§ What you have to do
A single stretch of the material below is to be transcribed exactly, starting at the line with "Cecilio Alto Saxophone" and ending after the line with "MuchoWow® Peinture sur".

§ Entries shown
•••••

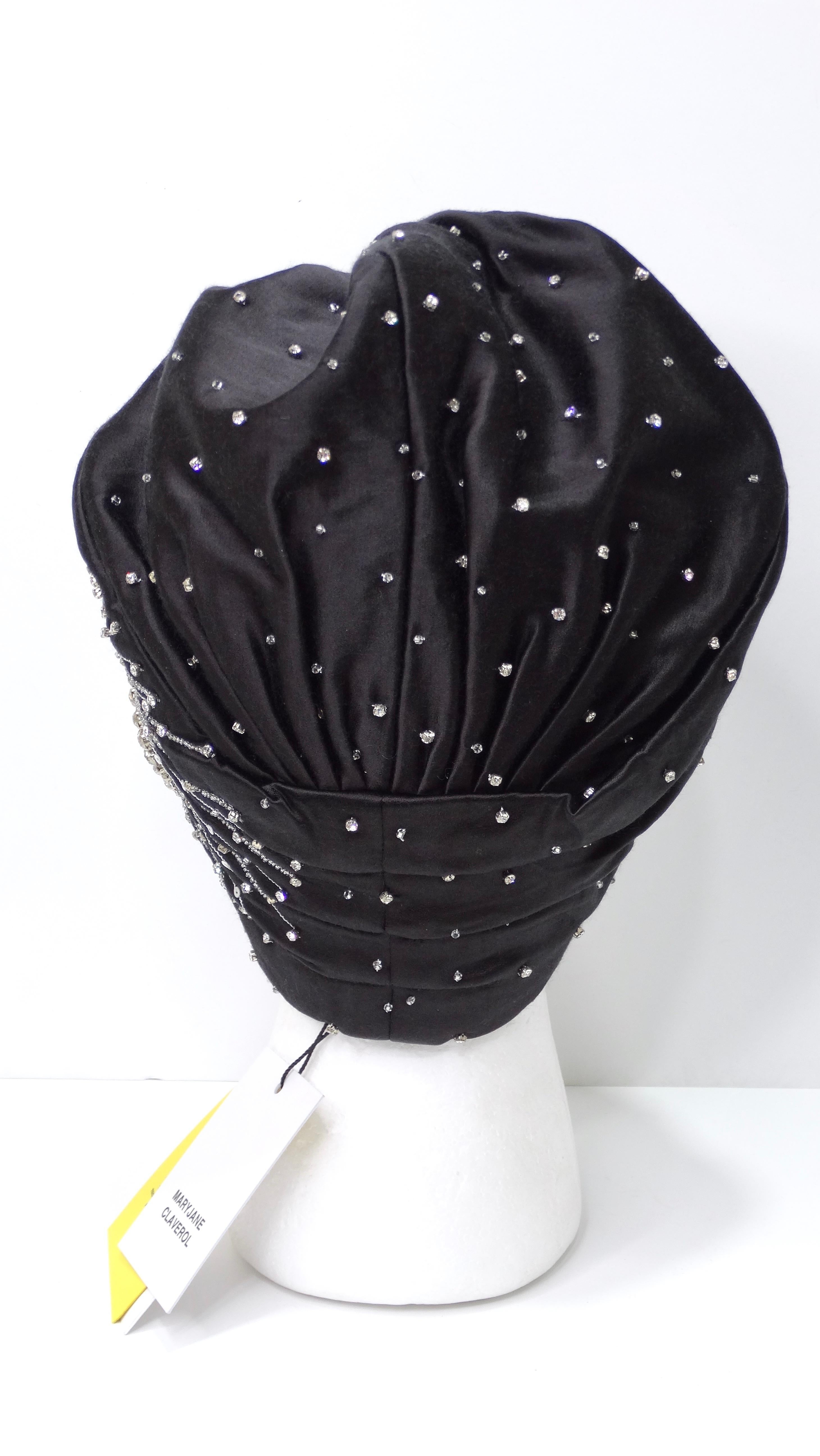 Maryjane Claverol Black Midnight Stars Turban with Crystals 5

•••••

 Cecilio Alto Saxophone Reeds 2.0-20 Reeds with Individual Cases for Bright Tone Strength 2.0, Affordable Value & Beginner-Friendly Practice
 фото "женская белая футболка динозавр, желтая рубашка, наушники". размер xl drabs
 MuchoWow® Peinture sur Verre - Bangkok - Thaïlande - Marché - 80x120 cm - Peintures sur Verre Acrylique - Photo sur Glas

•••••

§ Result
 Cecilio Alto Saxophone Reeds 2.0-20 Reeds with Individual Cases for Bright Tone Strength 2.0, Affordable Value & Beginner-Friendly Practice
 фото "женская белая футболка динозавр, желтая рубашка, наушники". размер xl drabs
 MuchoWow® Peinture sur Verre - Bangkok - Thaïlande - Marché - 80x120 cm - Peintures sur Verre Acrylique - Photo sur Glas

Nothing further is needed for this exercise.